* [THE PROBLEM]: Please reproduce, exactly as given, the lines running from the start of the data to the line containing "Woman biting her finger View", inclusive, and omit the pictures.
= Beginning of Section =
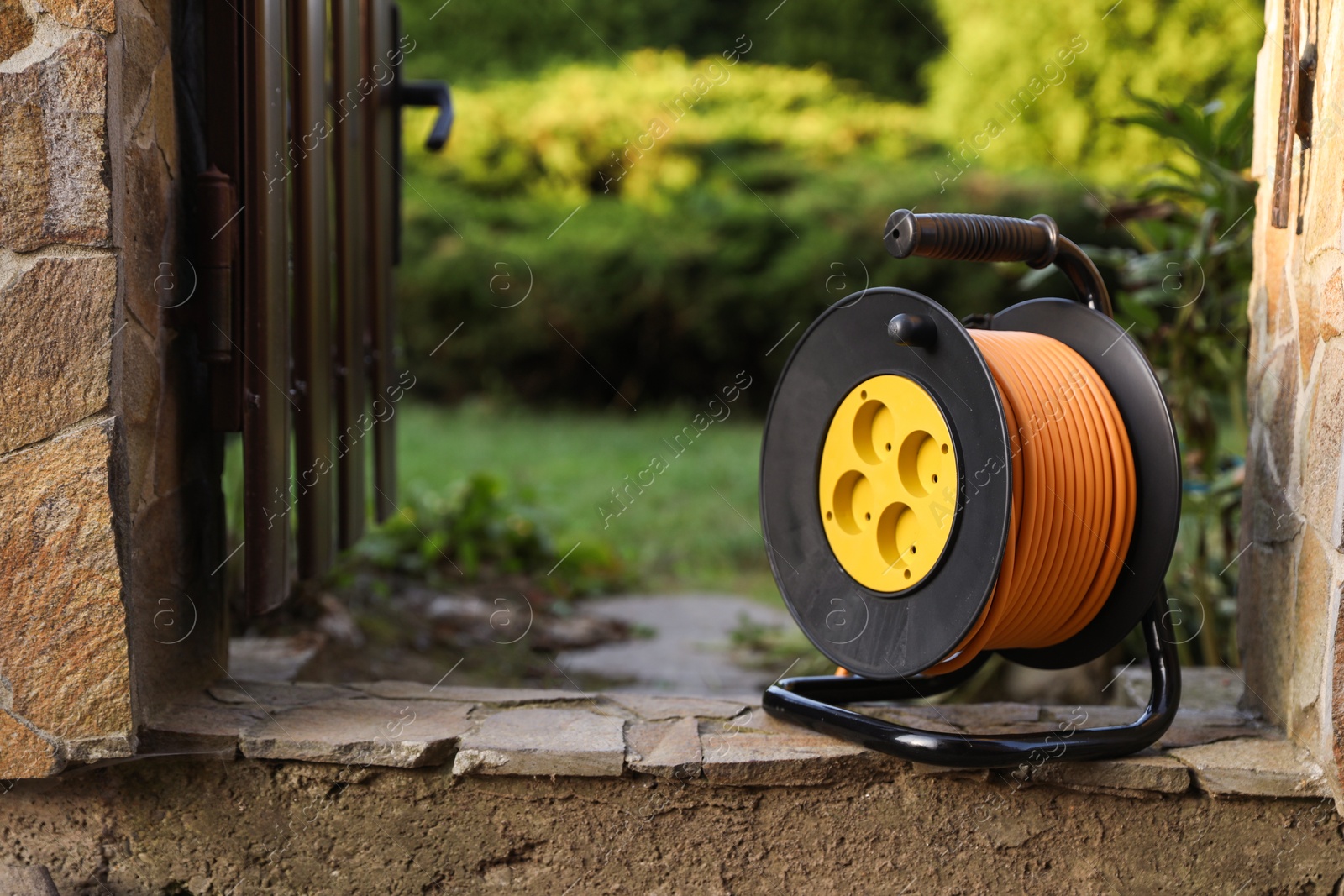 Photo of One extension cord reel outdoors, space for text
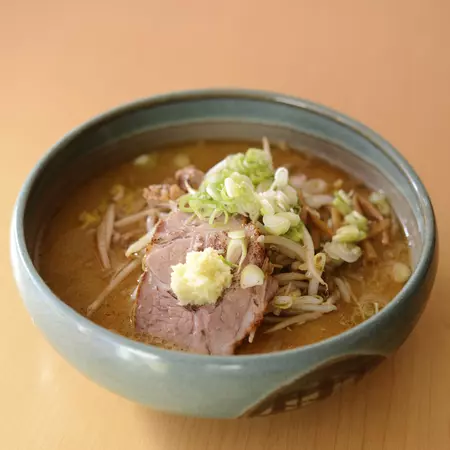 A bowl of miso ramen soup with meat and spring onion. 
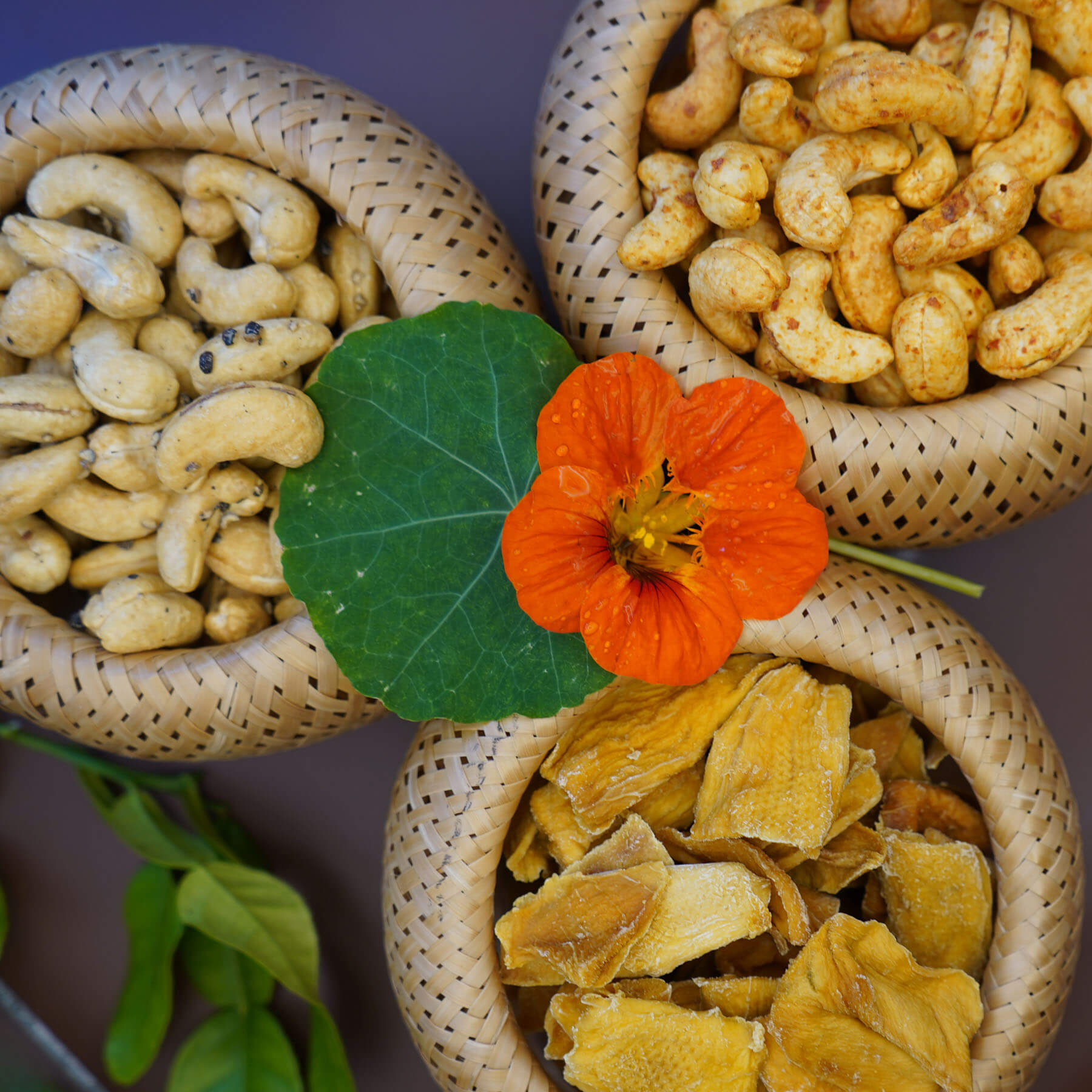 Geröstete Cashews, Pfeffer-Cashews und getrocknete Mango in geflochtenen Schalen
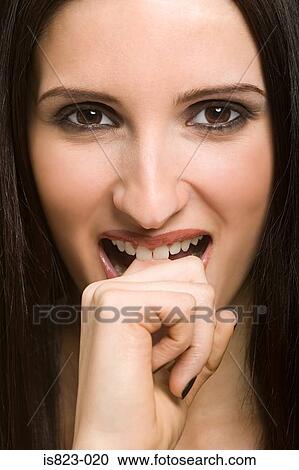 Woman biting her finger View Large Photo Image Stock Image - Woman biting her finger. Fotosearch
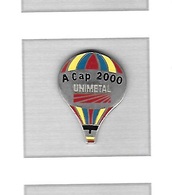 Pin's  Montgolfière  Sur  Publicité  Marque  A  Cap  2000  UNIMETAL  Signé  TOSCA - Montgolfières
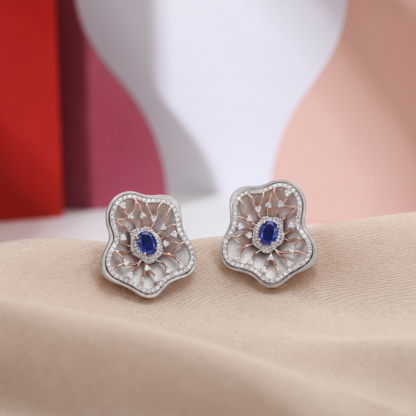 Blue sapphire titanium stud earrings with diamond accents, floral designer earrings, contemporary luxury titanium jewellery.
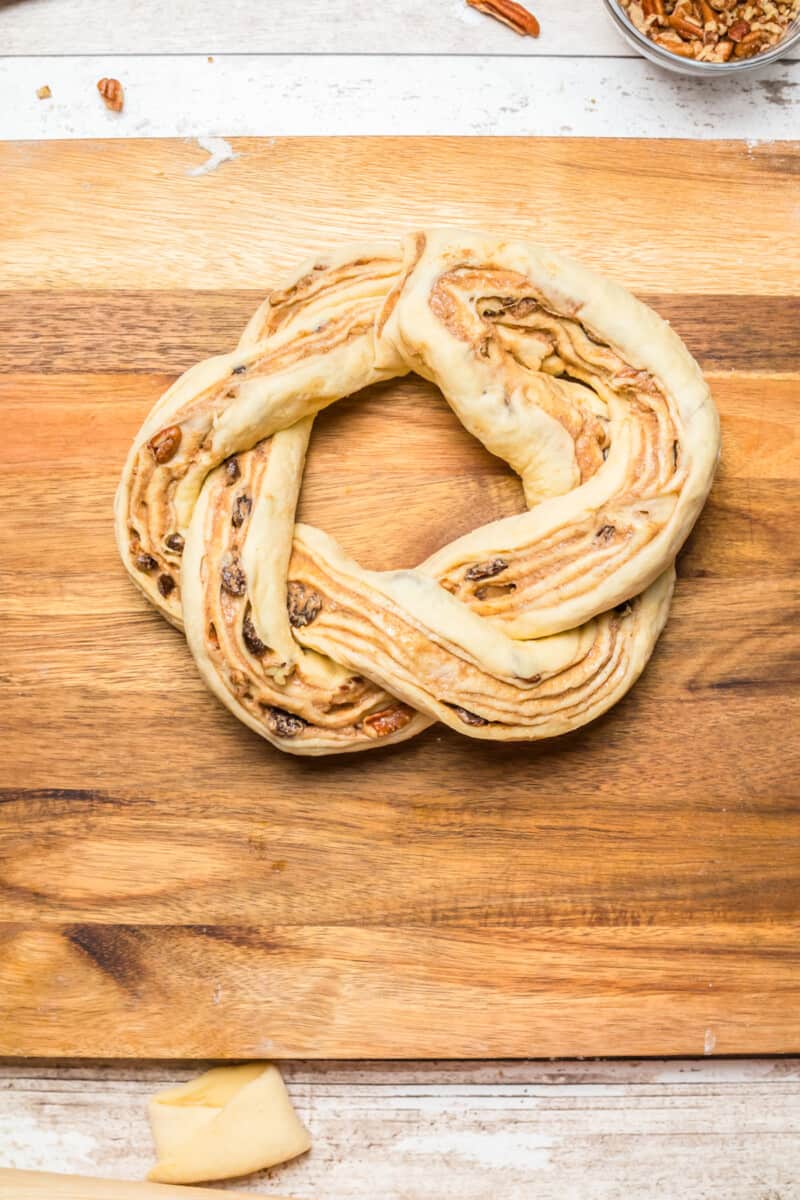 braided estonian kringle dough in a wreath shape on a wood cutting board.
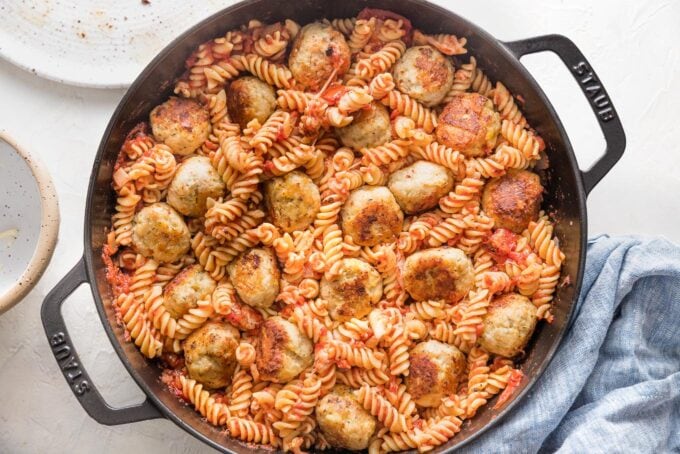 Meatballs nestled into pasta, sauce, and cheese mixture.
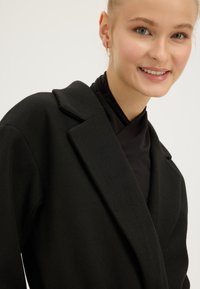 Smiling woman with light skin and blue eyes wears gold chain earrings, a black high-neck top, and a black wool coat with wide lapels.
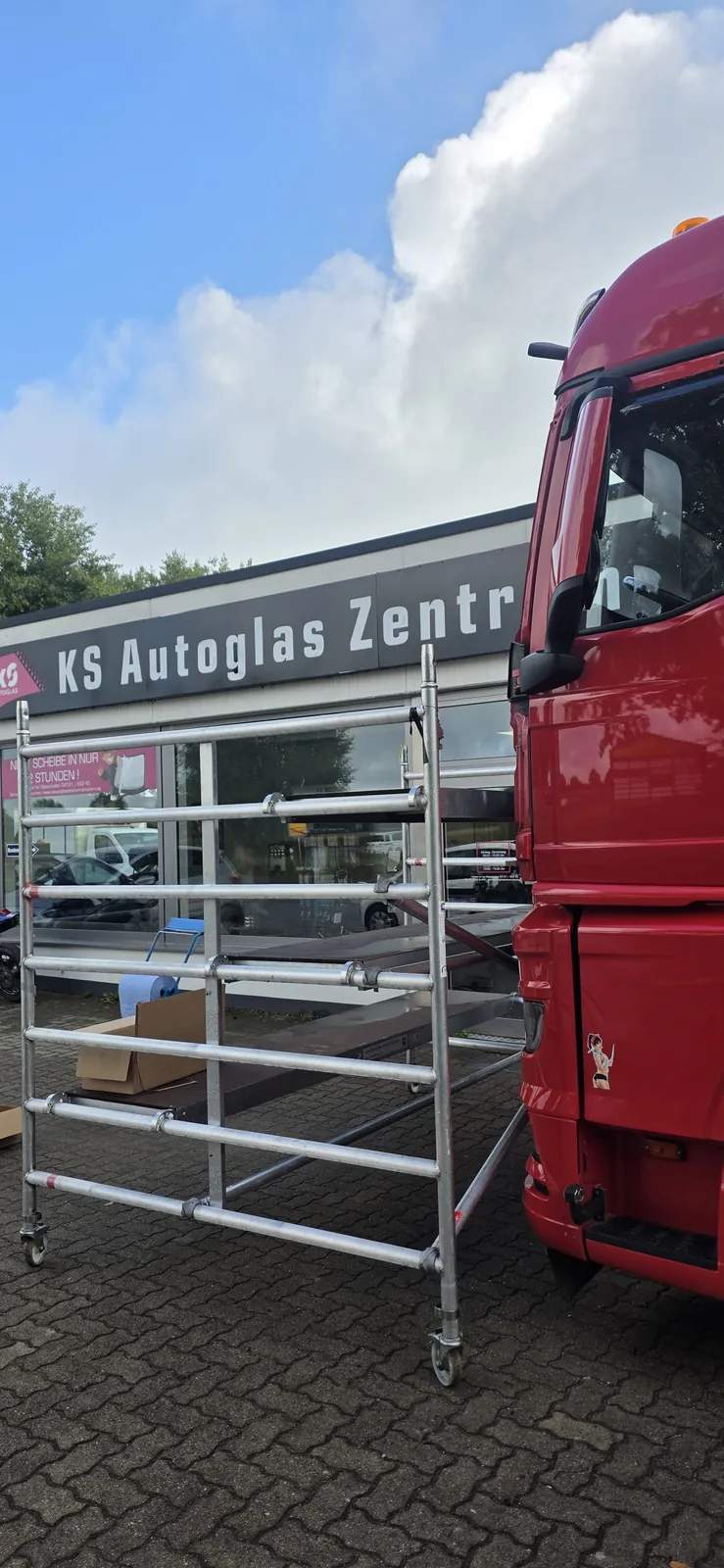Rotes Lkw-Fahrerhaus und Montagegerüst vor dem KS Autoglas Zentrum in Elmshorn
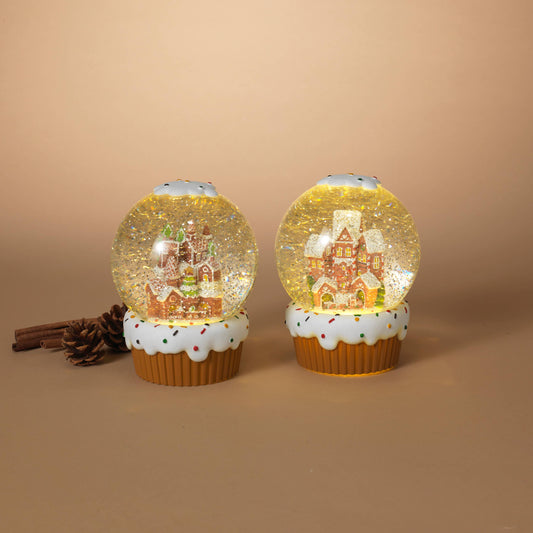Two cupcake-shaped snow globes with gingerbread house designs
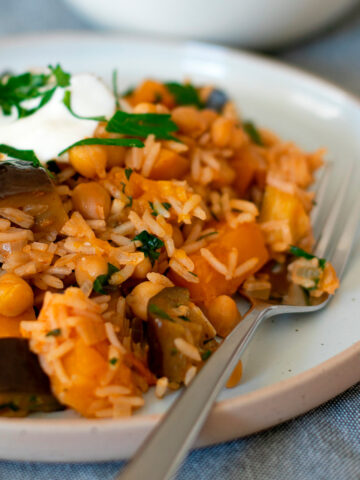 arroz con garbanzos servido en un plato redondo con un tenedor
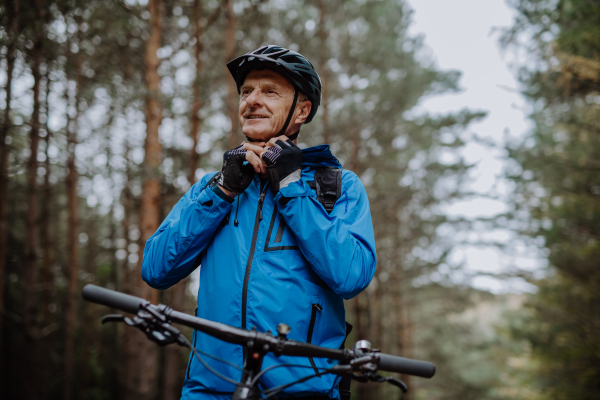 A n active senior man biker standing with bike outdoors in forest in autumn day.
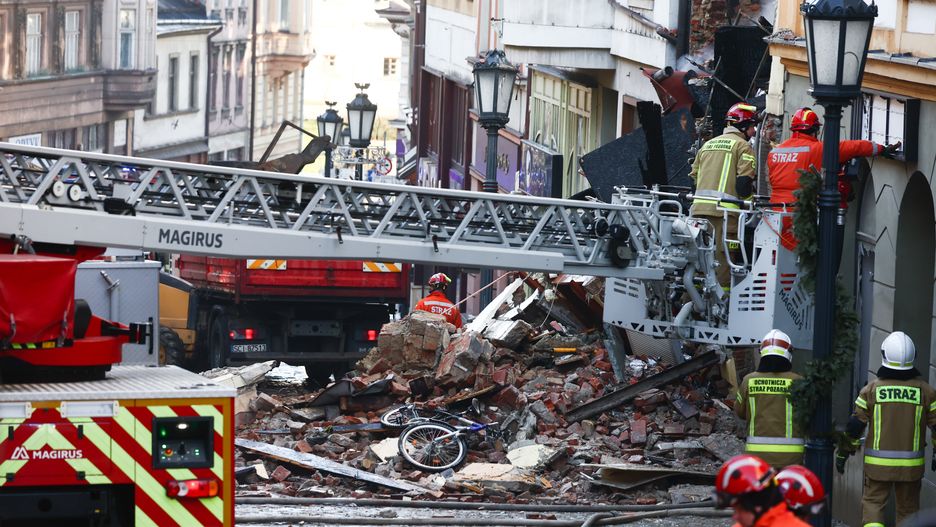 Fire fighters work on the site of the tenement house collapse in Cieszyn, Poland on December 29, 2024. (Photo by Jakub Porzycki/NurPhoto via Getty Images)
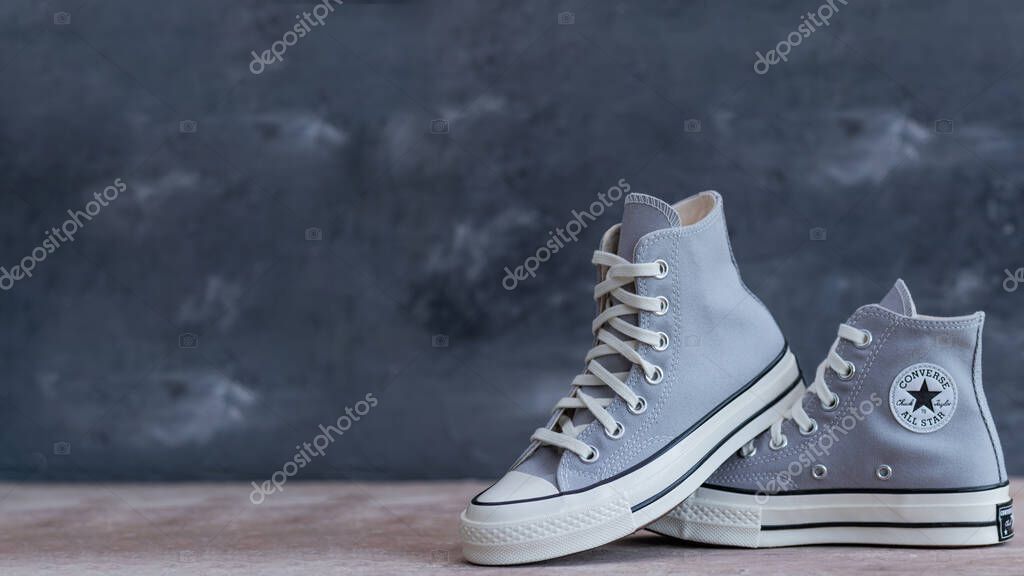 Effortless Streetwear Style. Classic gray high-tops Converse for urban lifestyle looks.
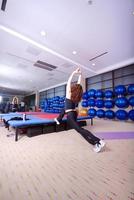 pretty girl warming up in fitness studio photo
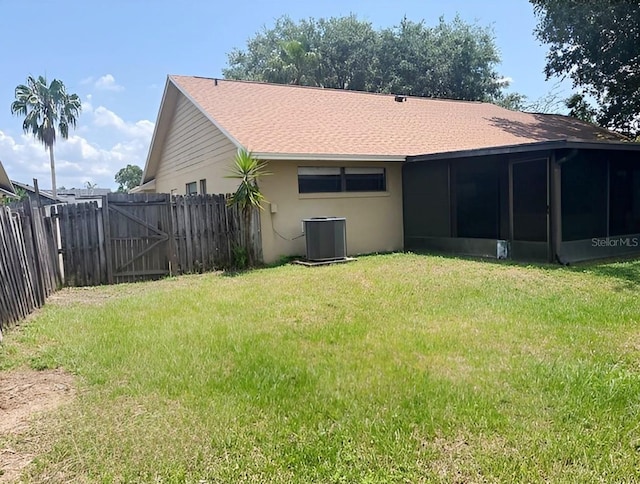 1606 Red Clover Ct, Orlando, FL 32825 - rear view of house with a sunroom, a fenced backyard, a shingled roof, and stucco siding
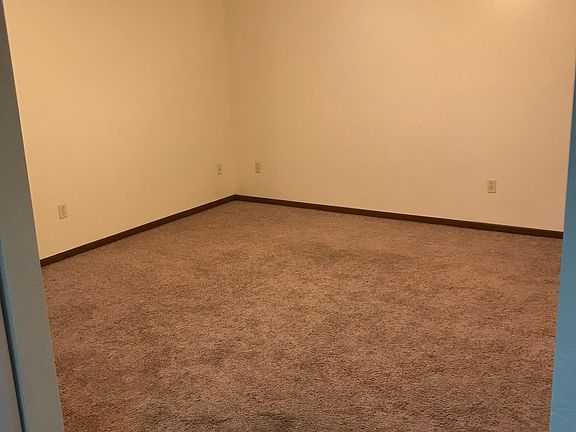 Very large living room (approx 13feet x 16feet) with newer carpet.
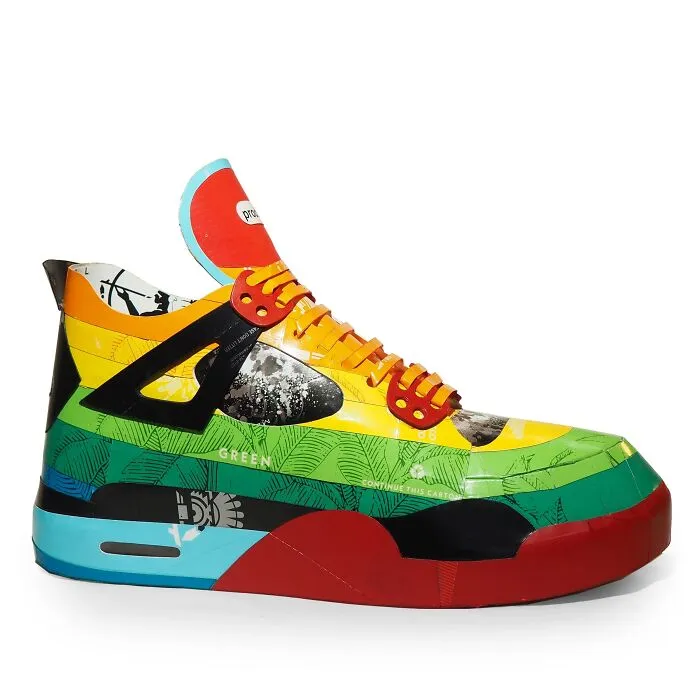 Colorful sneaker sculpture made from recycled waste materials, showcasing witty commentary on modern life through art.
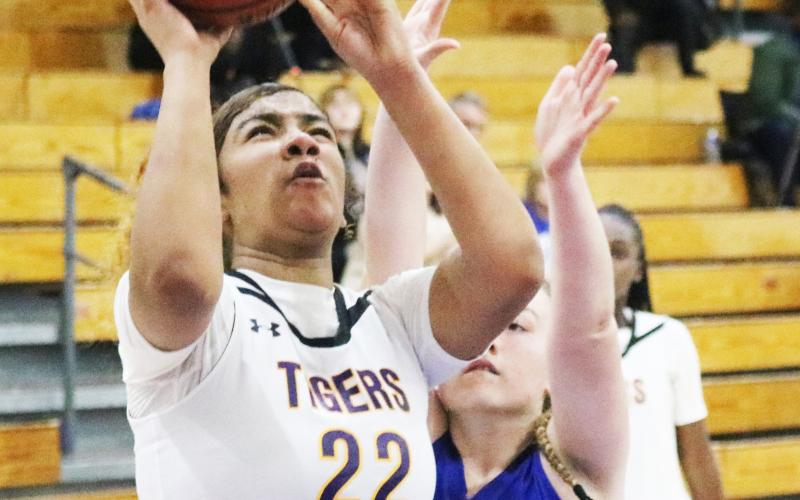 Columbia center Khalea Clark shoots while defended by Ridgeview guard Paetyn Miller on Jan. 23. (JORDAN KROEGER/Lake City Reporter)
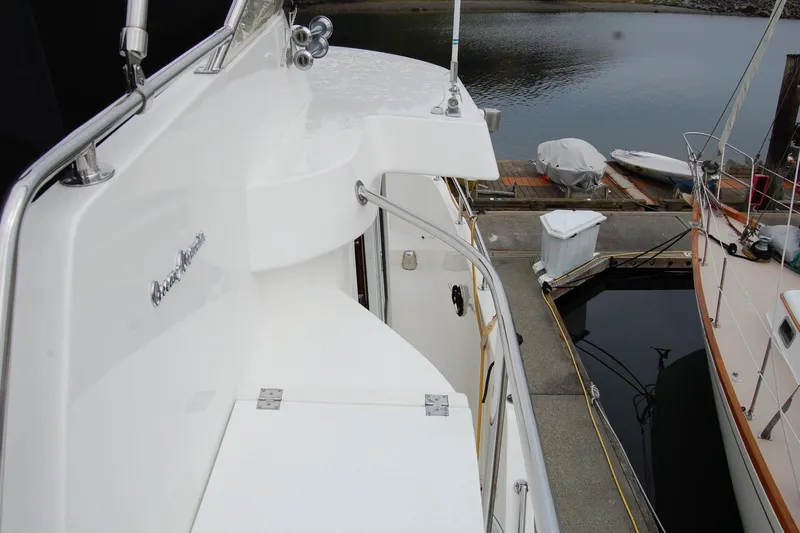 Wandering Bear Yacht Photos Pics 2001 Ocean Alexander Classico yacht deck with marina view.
= End of Section =
* [RESPONSE]:
 Photo of One extension cord reel outdoors, space for text
 A bowl of miso ramen soup with meat and spring onion. 
 Geröstete Cashews, Pfeffer-Cashews und getrocknete Mango in geflochtenen Schalen
 Woman biting her finger View Large Photo Image Stock Image - Woman biting her finger. Fotosearch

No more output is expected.